A call from the nationalist four-party Baloch Alliance ensured that traffic on all other highways connecting the province to other parts of Pakistan remained blocked. Movement within Balochistan was also severely restricted.

Militants surrender

In many Baloch towns, people offered funeral prayers for Nawab Bugti, and in two places, mourners went on the rampage, according to reports.

In Quetta, the Baloch capital, it was a violence-free day with shops cautiously reopening after three days of arson and vandalism. But banks and schools remained closed.

The Government said 2,000 militant Marri tribesmen along with six commanders surrendered to district authorities in Kohlu, the place where Nawab Bugti met his end. The Nawab had left Bugti territory a few months ago to take shelter in Marri territory when security forces intensified their operations against him.

District officials said this was the first time the Marri tribesmen had surrendered. But Hyrbair Marri, son of the Marri leader Nawab Khair Baksh Marri, slammed the Government for the killing of Nawab Bugti, and said the Baloch people would never give up their armed struggle "until the achievement of their goal."

He alleged cluster bombs had been used on Nawab Bugti’s hide-out and the killing was planned.

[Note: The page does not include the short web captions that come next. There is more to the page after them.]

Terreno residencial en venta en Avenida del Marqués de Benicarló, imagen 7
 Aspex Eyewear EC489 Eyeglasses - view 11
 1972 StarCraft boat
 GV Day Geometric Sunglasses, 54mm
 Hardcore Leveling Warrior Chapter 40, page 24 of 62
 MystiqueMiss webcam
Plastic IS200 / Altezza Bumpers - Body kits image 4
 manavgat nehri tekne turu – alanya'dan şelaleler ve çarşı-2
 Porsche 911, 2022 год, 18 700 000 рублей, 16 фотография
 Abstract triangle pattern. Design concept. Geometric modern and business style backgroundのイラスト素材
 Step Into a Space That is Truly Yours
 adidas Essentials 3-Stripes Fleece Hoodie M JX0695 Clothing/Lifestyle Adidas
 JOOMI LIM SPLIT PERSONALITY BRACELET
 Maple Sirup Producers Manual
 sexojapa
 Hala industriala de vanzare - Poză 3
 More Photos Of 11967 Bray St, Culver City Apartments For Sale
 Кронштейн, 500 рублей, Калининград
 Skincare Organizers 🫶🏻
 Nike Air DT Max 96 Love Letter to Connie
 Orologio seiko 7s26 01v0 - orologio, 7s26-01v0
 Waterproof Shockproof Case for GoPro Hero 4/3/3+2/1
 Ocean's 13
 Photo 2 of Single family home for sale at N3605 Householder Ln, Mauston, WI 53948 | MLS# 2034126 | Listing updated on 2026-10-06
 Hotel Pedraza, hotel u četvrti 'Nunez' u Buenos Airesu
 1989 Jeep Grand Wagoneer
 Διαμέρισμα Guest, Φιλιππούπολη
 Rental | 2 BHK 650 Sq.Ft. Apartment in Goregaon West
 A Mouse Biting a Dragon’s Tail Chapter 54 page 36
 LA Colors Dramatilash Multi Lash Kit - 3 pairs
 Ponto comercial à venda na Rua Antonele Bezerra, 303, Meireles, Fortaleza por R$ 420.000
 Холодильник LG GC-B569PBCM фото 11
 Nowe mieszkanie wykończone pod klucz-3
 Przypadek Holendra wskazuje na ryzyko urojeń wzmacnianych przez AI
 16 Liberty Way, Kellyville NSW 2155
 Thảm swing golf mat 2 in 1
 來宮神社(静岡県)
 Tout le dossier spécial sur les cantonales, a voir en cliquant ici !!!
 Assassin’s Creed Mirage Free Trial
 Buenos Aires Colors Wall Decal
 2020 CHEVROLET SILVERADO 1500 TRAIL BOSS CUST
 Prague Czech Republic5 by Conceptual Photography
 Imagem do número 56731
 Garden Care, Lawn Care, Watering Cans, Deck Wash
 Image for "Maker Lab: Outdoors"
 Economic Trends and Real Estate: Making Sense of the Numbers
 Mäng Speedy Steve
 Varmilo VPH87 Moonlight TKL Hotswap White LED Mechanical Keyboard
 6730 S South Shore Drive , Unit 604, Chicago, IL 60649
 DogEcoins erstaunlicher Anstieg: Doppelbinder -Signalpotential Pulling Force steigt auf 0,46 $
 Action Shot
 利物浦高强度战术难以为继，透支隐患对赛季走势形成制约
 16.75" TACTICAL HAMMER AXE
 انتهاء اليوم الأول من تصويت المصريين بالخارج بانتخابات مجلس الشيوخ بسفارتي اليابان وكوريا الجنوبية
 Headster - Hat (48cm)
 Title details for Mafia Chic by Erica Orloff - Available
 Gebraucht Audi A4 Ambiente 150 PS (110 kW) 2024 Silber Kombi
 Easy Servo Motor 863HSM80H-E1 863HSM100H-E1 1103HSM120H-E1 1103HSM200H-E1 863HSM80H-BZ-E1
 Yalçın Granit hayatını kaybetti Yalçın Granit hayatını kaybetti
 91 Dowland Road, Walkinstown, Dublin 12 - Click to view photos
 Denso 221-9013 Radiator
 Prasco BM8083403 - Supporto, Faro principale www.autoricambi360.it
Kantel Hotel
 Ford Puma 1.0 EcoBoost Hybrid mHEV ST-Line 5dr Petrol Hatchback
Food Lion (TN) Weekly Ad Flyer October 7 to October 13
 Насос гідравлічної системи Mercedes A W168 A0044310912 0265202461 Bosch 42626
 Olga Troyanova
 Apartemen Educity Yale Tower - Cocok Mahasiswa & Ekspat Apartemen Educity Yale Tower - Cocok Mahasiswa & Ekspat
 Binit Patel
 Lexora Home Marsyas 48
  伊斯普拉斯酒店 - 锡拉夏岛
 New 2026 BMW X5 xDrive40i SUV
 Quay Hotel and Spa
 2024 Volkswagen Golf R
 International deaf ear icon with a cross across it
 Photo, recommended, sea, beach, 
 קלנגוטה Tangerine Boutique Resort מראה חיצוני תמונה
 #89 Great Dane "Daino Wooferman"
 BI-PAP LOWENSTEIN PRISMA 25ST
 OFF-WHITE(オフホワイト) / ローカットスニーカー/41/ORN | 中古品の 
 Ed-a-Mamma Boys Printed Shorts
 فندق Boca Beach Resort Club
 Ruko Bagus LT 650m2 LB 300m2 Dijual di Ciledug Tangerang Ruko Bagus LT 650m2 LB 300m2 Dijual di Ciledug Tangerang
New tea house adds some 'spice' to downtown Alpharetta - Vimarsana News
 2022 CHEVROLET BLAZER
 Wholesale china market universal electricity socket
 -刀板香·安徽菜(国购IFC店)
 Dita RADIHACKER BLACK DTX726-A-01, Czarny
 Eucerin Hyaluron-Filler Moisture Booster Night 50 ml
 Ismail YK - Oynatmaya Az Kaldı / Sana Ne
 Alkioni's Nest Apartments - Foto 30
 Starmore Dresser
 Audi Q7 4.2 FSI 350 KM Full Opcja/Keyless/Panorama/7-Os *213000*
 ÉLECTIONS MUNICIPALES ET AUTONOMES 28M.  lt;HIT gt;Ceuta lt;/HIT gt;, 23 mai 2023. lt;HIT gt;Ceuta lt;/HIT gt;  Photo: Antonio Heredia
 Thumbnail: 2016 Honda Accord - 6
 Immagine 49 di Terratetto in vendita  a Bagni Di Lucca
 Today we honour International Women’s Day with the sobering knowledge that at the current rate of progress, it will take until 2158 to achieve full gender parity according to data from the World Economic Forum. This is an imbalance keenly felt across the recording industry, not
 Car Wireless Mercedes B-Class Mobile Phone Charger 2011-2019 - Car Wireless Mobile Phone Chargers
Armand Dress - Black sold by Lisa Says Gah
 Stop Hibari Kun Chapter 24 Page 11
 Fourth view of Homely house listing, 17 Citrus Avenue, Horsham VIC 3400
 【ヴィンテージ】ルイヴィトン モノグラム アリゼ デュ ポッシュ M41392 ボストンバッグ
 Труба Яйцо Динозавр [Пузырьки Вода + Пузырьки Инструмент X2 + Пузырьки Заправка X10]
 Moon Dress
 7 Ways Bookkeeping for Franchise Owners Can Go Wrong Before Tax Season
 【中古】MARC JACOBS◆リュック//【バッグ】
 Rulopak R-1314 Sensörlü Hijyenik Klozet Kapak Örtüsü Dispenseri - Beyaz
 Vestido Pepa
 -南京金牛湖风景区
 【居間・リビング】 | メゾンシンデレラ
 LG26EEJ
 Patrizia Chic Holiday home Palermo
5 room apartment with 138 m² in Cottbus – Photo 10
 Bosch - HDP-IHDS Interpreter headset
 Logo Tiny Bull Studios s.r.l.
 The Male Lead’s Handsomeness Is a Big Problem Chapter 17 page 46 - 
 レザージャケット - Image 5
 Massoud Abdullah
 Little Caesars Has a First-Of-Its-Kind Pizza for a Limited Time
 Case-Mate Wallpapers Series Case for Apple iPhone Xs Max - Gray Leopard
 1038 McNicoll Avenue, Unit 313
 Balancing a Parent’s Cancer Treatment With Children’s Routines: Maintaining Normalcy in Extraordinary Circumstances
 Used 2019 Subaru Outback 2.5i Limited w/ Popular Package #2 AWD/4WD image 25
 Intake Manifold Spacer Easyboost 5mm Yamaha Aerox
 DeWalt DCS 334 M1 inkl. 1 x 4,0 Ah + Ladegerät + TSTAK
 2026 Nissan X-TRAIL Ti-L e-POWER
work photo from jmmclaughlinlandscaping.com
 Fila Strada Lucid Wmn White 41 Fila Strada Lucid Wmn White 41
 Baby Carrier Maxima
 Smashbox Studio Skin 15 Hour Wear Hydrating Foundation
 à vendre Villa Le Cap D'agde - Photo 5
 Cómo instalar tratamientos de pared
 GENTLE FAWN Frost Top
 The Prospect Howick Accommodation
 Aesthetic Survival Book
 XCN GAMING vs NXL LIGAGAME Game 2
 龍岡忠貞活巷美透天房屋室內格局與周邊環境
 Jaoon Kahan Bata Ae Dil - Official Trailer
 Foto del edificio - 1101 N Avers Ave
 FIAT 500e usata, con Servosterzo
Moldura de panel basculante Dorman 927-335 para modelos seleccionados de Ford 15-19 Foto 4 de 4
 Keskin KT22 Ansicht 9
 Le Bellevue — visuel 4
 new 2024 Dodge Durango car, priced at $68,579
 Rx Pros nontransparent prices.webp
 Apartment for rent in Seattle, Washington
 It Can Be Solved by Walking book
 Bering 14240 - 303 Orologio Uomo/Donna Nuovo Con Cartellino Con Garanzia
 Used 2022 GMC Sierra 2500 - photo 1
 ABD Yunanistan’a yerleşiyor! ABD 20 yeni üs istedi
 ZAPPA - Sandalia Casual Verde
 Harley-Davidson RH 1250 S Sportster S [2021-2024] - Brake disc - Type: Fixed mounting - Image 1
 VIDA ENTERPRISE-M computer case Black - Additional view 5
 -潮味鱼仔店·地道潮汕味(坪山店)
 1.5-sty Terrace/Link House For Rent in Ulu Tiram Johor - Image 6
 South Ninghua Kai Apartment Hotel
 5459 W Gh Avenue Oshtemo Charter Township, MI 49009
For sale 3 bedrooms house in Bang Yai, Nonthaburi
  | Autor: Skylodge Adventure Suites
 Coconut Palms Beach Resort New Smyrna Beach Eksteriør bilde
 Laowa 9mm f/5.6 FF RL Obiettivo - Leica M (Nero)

The Baloch Liberation Army, a shadowy force that has claimed responsibility for several militant attacks, is linked to another son of Nawab Marri.

The Government said on Tuesday it had wanted to apprehend Nawab Bugti alive but a mysterious explosion inside the hide-out had put paid to the attempt by causing a collapse, killing all those inside and the military officials who had descended into the cave to negotiate with him.

Following incidents against Punjabi settlers in many parts of Balochistan since Sunday, the police described such acts as reprehensible and said these people, who had settled in Balochistan over the last four or five decades, belonged there, and had nowhere else to go.

Baloch-dominated parts of Karachi and places in interior Sindh that were affected by violence were incident-free day on Wednesday.

Sindh Chief Minister Arbab Ghulam Raheem said the involvement of external elements could not be ruled out in the situation in Balochistan.